Abstract

Andrew Page, University of Western Australia, Geoff Hooke, Perth Clinic, Elizabeth Rutherford, University of Western Australia, Australia:
The following response by Andrew Page, Geoff Hooke and Elizabeth Rutherford to Simon Stafrace (‘Doubts about HoNOS’ 32:270) should have accompanied his letter in the same issue.
We appreciate Dr Stafrace's comments on our article [1] and that we have been given the opportunity to respond, as the letter raises some important issues.
First, Dr Stafrace infers from the low response rate that outcome measures acceptable to clinicians may not be feasible for routine use. We agree that acceptability and feasibility are not necessarily related, but would argue that the response rate is ultimately a management issue. Psychiatric facilities must measure and be able to report outcomes and therefore low response rates are a challenge for management, not an excuse to conclude that measuring outcomes is infeasible.
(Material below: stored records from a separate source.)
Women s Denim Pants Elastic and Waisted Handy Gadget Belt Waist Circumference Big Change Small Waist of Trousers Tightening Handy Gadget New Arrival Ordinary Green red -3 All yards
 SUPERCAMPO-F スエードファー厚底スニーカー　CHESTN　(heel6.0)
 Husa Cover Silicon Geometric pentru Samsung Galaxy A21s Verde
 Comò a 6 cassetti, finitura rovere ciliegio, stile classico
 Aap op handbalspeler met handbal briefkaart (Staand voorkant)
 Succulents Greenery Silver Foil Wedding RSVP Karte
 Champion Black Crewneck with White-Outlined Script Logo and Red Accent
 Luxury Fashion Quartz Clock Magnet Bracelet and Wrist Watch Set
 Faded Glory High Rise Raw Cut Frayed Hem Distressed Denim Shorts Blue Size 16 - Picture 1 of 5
For instance, at the Perth Clinic, our data highlighted to management the low response rates and indicated that the provision of training was insufficient to ensure high response rates. Therefore, hospital procedures were reviewed and are in the processes of ongoing modification to increase compliance. Interestingly, compliance with the HoNOS has increased dramatically to nearly 90% of all patients at admission and discharge (apparently because this is a staff-administered measure), but compliance with the SF-36 has been increased to nearly 70% of all patients (since this relies on patients to complete questionnaires), possibly reflecting the degree to which management practices impact more immediately and strongly upon staff than patients. Thus, we would argue that the HoNOS and SF-36 are acceptable and feasible, provided the hospital structure supports the implementation of such measures.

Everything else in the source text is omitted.